P. è una ragazzino delle scuole medie. E' in una delle classi in cui quest'anno ho proposto il progetto didattico sulle tartarughe marine. Il progetto è stato un successo, i ragazzi si sono entusiasmati e hanno partecipato davvero con molta passione. Alcune ragazzine sono poi venute qualche pomeriggio a fare volontariato con le tartarughe.
P. ha dei problemi. Problemi di famiglia, ma anche di possibili cattive compagnie e di comportamento. Non lo interessa molto la scuola, ma gli sono piaciuti gli incontri sulle tartarughe e soprattutto quello CON le tartarughe. Ha trovato finalmente qualcosa che lo interessa. Così le sue insegnanti mi hanno chiesto di fare un percorso insieme, da qui alla fine della scuola. Due volte alla settimana P. viene qui e si occupa delle nostre tartarughe.
Abbiamo già le nostre volontarie, ovviamente non avremmo bisogno di un aiuto in più, ma questo non conta.
Stamattina è venuto per la prima volta, con il suo educatore. Insieme a loro anche T., una ragazzina anche lei con problemi, diversi da quelli di P. Anche lei con la sua educatrice.

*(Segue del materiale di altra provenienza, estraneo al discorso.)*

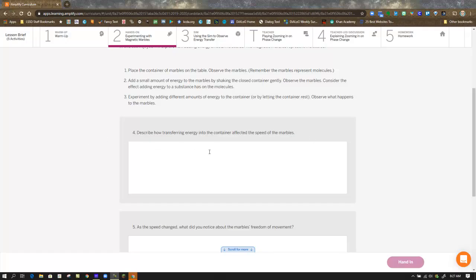Think about when they mention transferring energy — they're talking about how hard you are shaking the cup. You're using what's referred to as kinetic energy, the energy of motion. If you're just sitting there holding the cup without moving it, there's very low energy. The magnets are probably going to clump together because magnets are attracted to one another. In the model, that represents molecular attraction — the attraction of each of the round balls in the simulations.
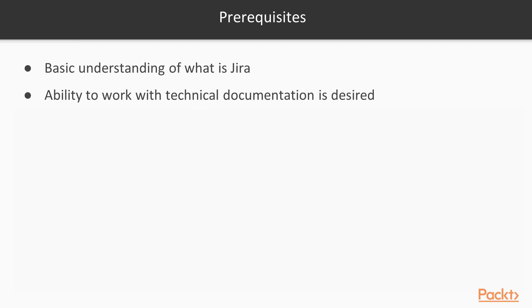Therefore, the ability to work with technical documentation is desired here, however, it is not obligatory. And of course, before you start this course, you must have installed the Jira environment.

Si sono divertiti a ingozzare Sole, a provare a fare mangiare le altre tartarughe. Si sono bagnati, si sono sporcati le mani di pesce e di "acqua di tartarughe". Ma sono stati bene, e credo stiano aspettando già venerdì per tornare.
Chi l'ha detto che un Ospedale delle Tartarughe debba dare una mano solo alle tartarughe?